La table ronde s’est poursuivie avec la présentation d’Alexis Martin, auteur de la pièce et  codirecteur artistique du Nouveau théâtre expérimental, dont la mission est entre autres de « déceler ce qui est absent » dans le tableau théâtral de la province. Certains événements et personnages marquants tel que Camillien Houde en font indéniablement partie. La genèse du projet théâtral sur « le p’tit gars de Sainte-Marie » provient ainsi de la volonté d’Alexis Martin d’enrichir la dimension historique de la dramaturgie québécoise. Transformé en historien-amateur, Alexis Martin s’est  plongé dans les archives de Montréal à la recherche de Camillien Houde. Les célébrations du 375e anniversaire de la ville de Montréal ont été l’occasion de partager le fruit de ses recherches. Le codirecteur artistique a souligné la pertinence de l’aspect collaboratif de la pièce. L’inclusion d’une vingtaine de citoyens non-acteurs à la troupe professionnelle de sept comédiens a permis une rencontre unique entre le monde du théâtre et les gens du quartier. Ce qu’il retient du projet? La convergence entre un lieu, un quartier, son histoire et les citoyens de ce quartier. Durant le projet, tous se sont réunis autour de la figure de Camillien Houde. Son histoire s’est transformée en une « concaténation » de l’esprit du passé et de la réalité actuelle. Alexis Martin a conclu son exposé en présentant l’art dramatique comme un vecteur qui assure une pérennité de la mémoire.

Par la suite, Paul-André Linteau, co-directeur du Laboratoire, a abordé certains liens entre histoire et théâtre et a livré quelques impressions personnelles sur la pièce.  Pour lui, l’auteur dramatique et l’historien font face à des défis semblables lorsqu’ils s’intéressent à un sujet historique puisqu’ils ne peuvent jamais reconstituer le passé dans son intégralité. Ce qu’ils réussissent à mettre à jour, ce sont des portraits ou des moments fugaces d’un passé qui est « éclaté ». C’est entre autres à travers les archives que l’on trouve de témoignages partiels et parfois contradictoires. Selon Paul-André Linteau, aussi bien l’auteur dramatique que l’historien cherche à combler des vides et à donner un sens au passé pour le communiquer à d’autres. L’historien tente de le faire en confrontant plusieurs informations et en les contextualisant à partir de ses connaissances sur l’époque. Quant à l’auteur dramatique, il cherche à le faire en « imaginant les absences et en disant les non-dits » et en s’appuyant sur sa connaissance de la condition humaine. Bien que les visées soient différentes, elles sont, pour M. Linteau, toutes aussi valables. Il souligne par la suite qu’au sein de la pièce « Le p’tit gars de Sainte-Marie », les émotions sont mises de l’avant. Sur ce plan, les premières années de la vie politique de Camillien Houde sont très riches. Finalement, selon le co-directeur du Laboratoire, la pièce révèle autant des moments d’euphorie que de découragement. Elle démontre notamment l’empathie du personnage politique pour les chômeurs montréalais lors de la crise économique déclenchée en 1929 ou encore sa vive réaction face à la puissance du pouvoir fédéral durant la Seconde Guerre mondiale.
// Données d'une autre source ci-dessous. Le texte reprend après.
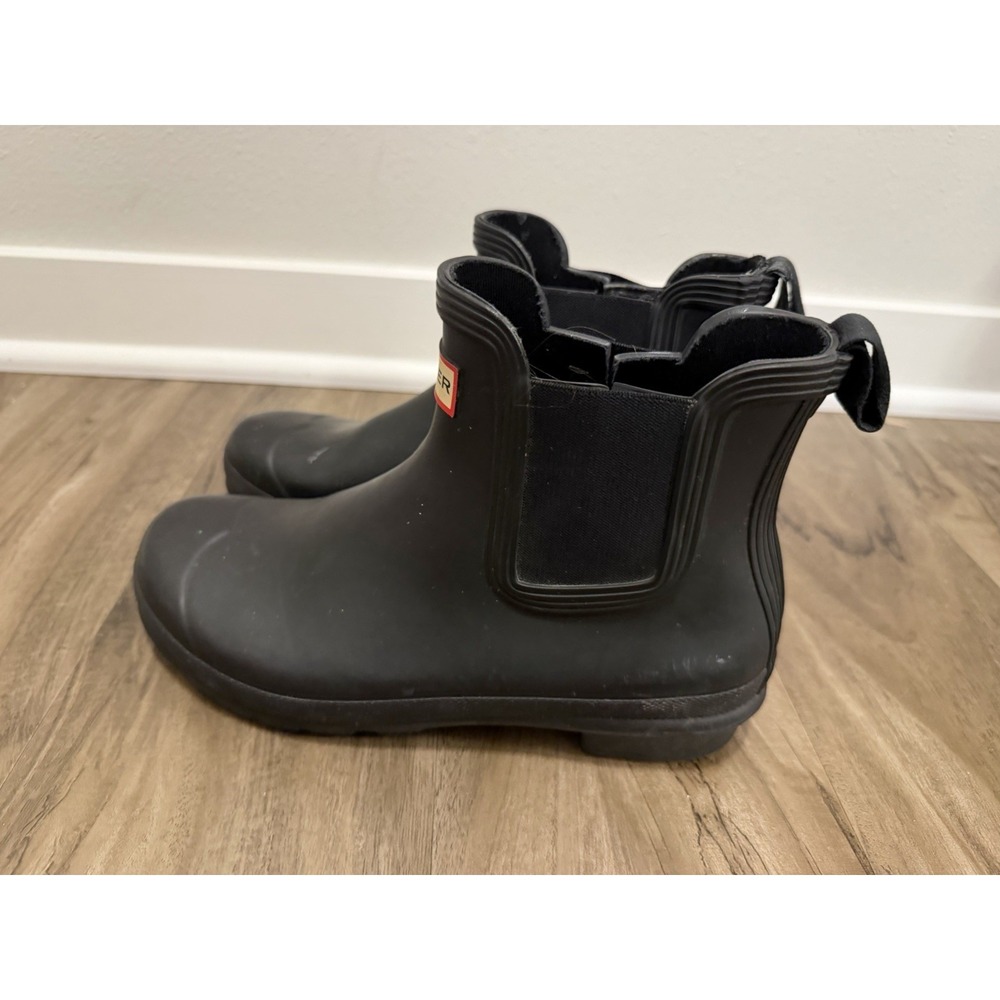 Hunter Women's Original Chelsea Waterproof Rain Boots, Black, Size 8 Matte - Picture 4 of 16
En clôture de l’événement, le public enthousiaste a pu discuter avec les participants de la table ronde. René Binette, directeur de l’Écomusée du fier monde et membre de la direction scientifique du Laboratoire, a animé les échanges portant sur le processus créatif de la pièce ainsi que sur la métropole et sa riche histoire.

Le Laboratoire remercie chaleureusement les invités et le public pour ces échanges des plus stimulants!